(DATA FOR PROCESSING):
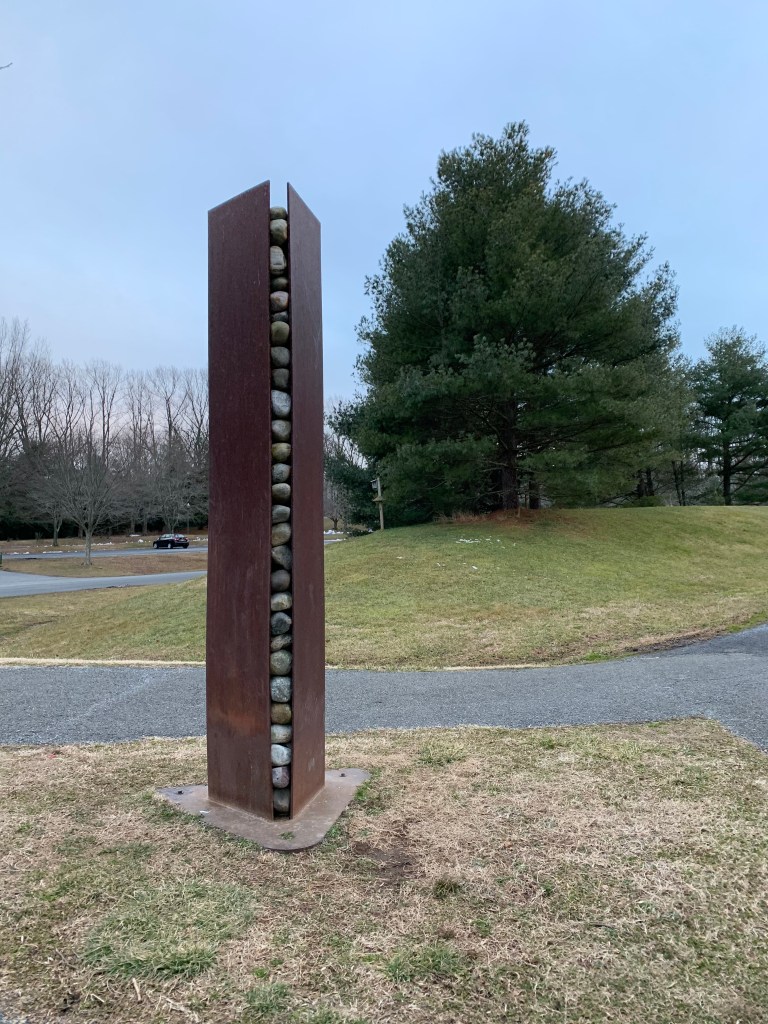 Sculpture that has what looks like tall metal rectangles going up, with rocks in the middle. A paved trail is behind it. 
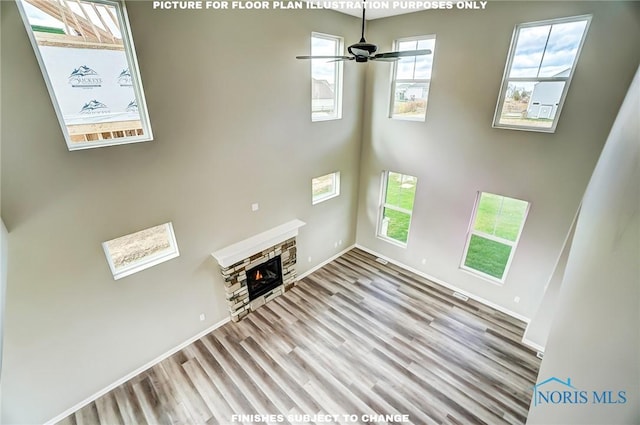 unfurnished living room featuring light hardwood / wood-style floors, a stone fireplace, and ceiling fan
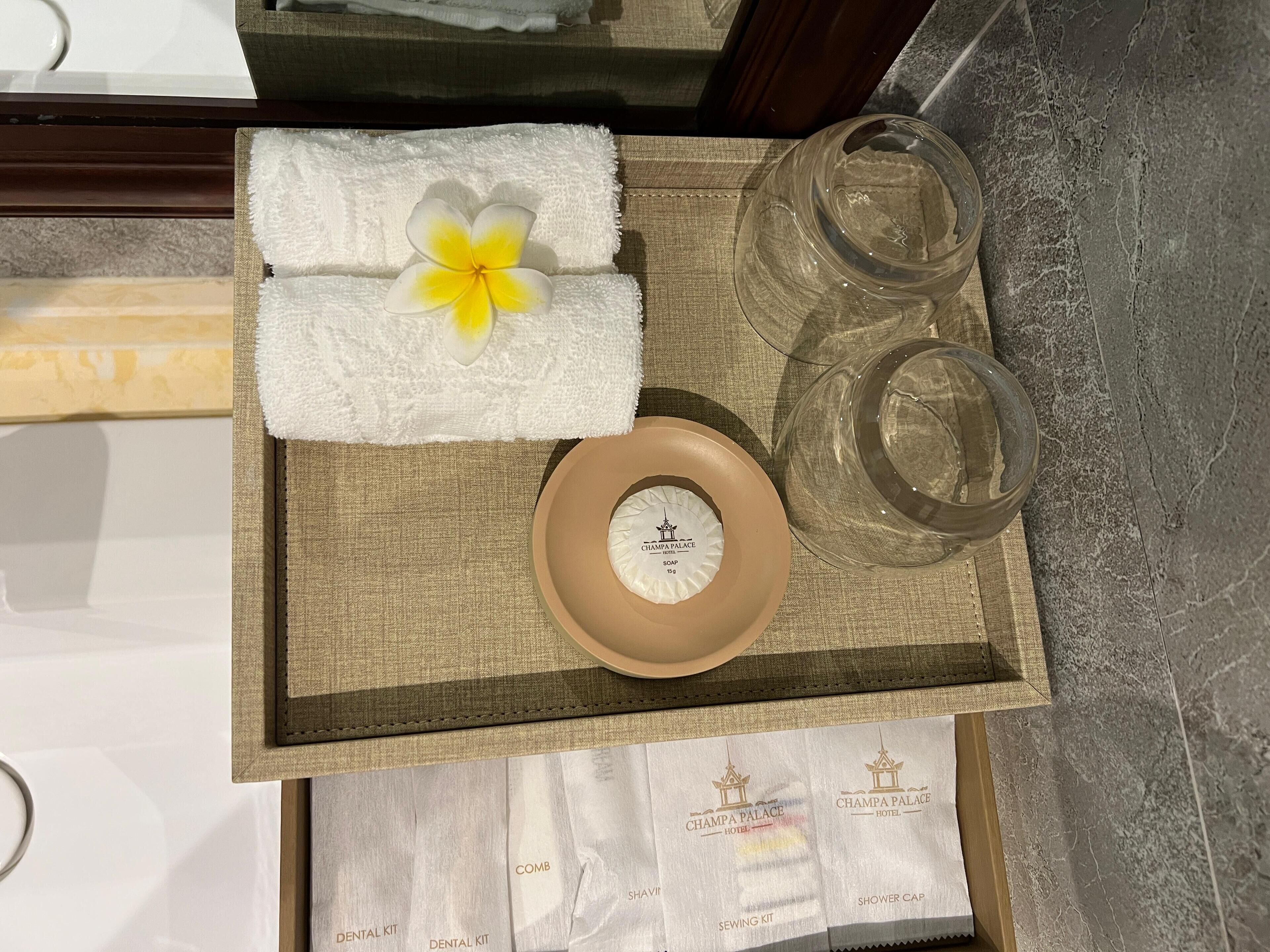 A tray with a towel, a comb, a sewing kit, and two glasses.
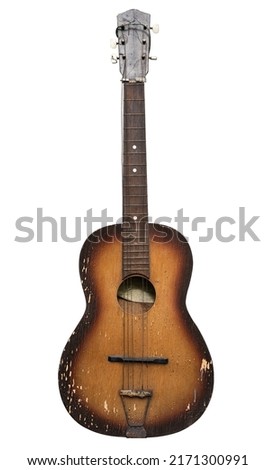 front view closeup of old brown grungy acoustic guitar with broken chords isolated, on white background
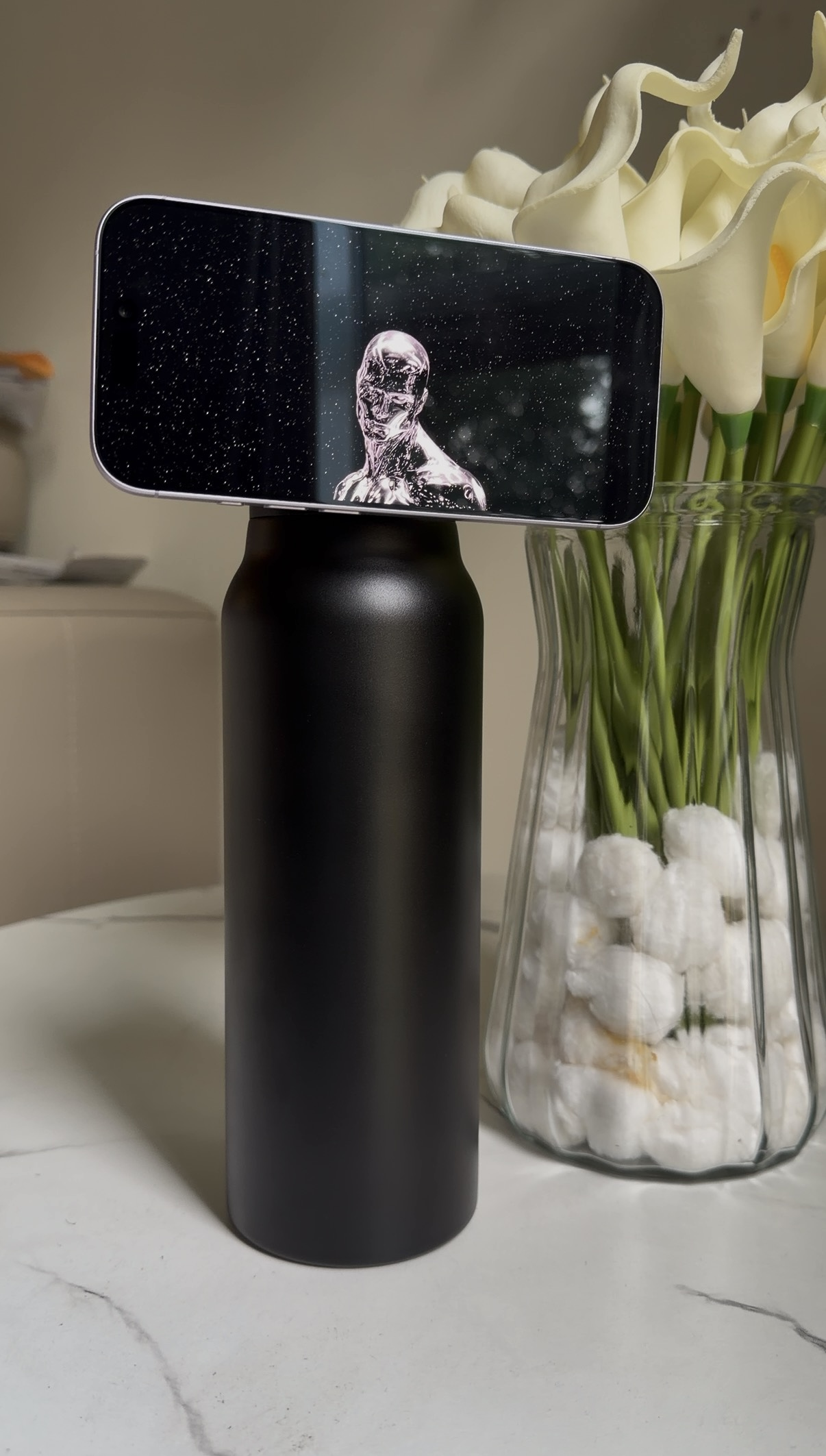 Black SANNI bottle supporting a phone beside white flowers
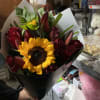 Bouquets   of roses and sunflowers  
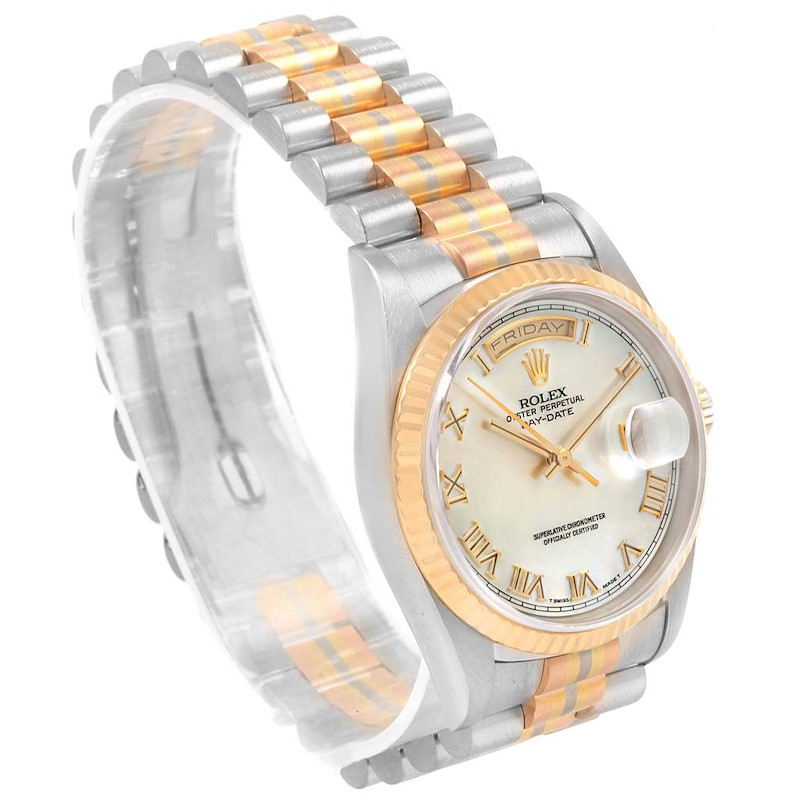 This image shows a side angle of a Rolex President watch, highlighting its face, bezel, and two-tone bracelet.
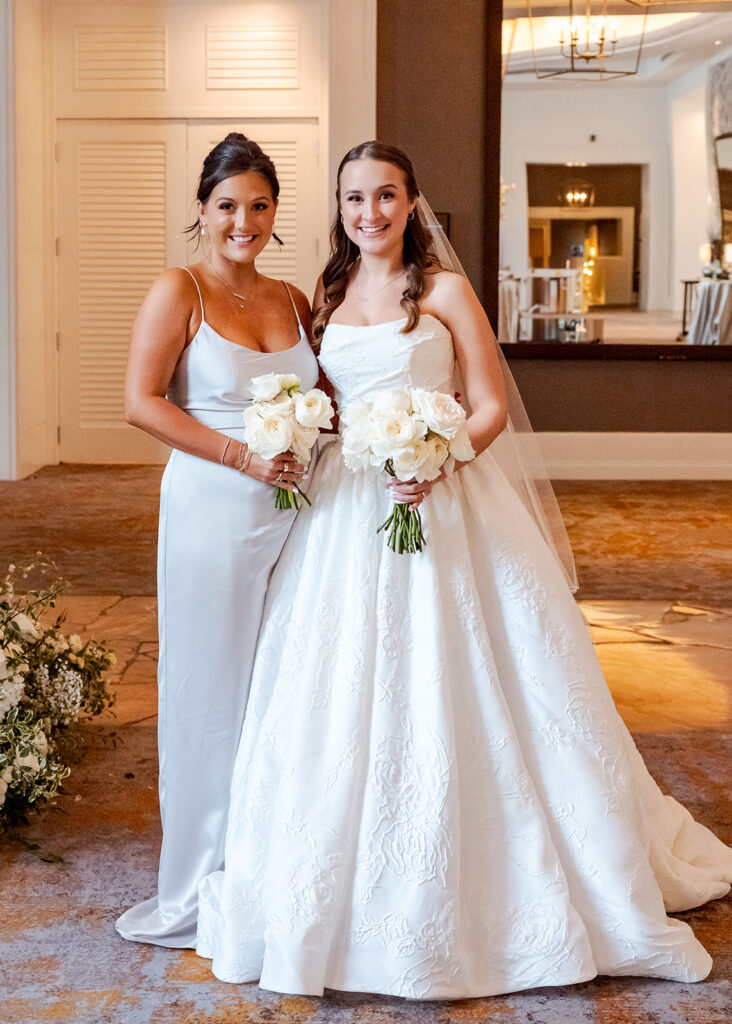 Editorial, modern bridal bouquet with white playa blanca and cloud garden roses and white peonies. Soft, romantic and timeless floral design for Atlanta wedding in Buckhead. Elegant, all-white wedding flowers in a luxury setting. Design by Rosemary & Finch Floral Design in Nashville, TN.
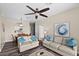 Open living space showcasing a neutral color palette and plenty of natural light at 8100 Princess Palm Ln # 201, Kissimmee, FL 34747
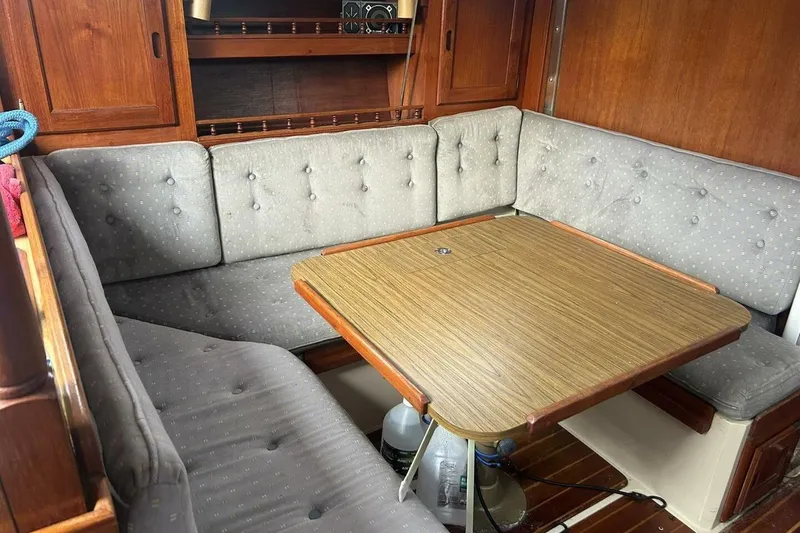 Slide: The Image of Cozy dining area in a 1985 Catalina 36 sailboat with wooden table and cushioned seating. - 24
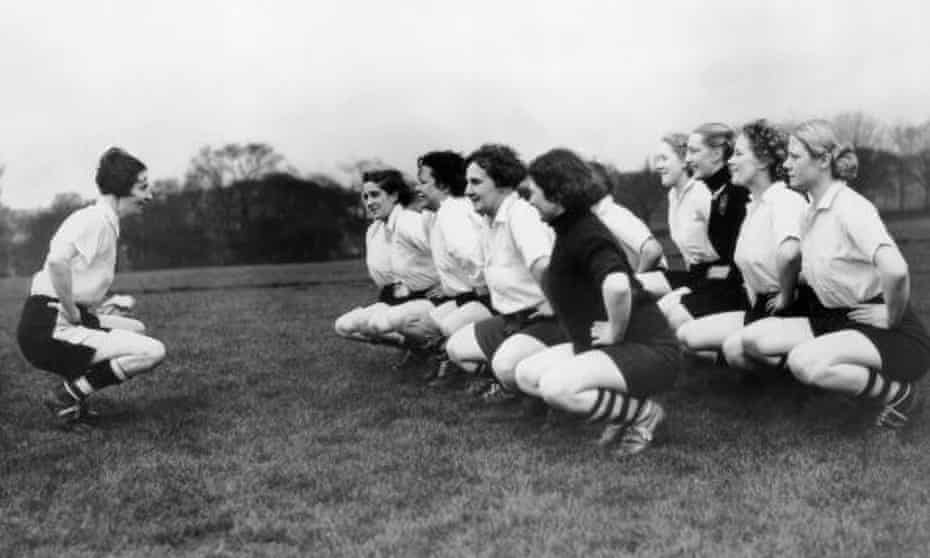 Lily Parr (left), pictured leading Preston training as their captain.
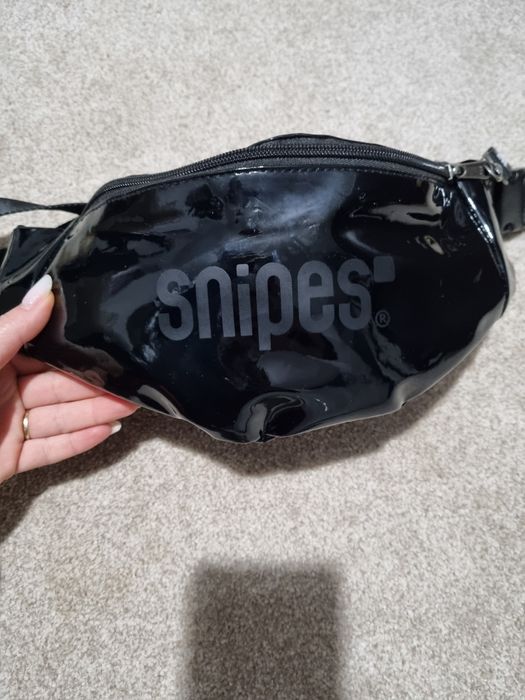 Borseta de la Snipes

(EXERCISE BRIEF):
Would you write each entry out again exactly, omitting the images?

(RESPONSE BOX):
 Sculpture that has what looks like tall metal rectangles going up, with rocks in the middle. A paved trail is behind it. 
 unfurnished living room featuring light hardwood / wood-style floors, a stone fireplace, and ceiling fan
 A tray with a towel, a comb, a sewing kit, and two glasses.
 front view closeup of old brown grungy acoustic guitar with broken chords isolated, on white background
 Black SANNI bottle supporting a phone beside white flowers
 Bouquets   of roses and sunflowers  
 This image shows a side angle of a Rolex President watch, highlighting its face, bezel, and two-tone bracelet.
 Editorial, modern bridal bouquet with white playa blanca and cloud garden roses and white peonies. Soft, romantic and timeless floral design for Atlanta wedding in Buckhead. Elegant, all-white wedding flowers in a luxury setting. Design by Rosemary & Finch Floral Design in Nashville, TN.
 Open living space showcasing a neutral color palette and plenty of natural light at 8100 Princess Palm Ln # 201, Kissimmee, FL 34747
 Slide: The Image of Cozy dining area in a 1985 Catalina 36 sailboat with wooden table and cushioned seating. - 24
 Lily Parr (left), pictured leading Preston training as their captain.
 Borseta de la Snipes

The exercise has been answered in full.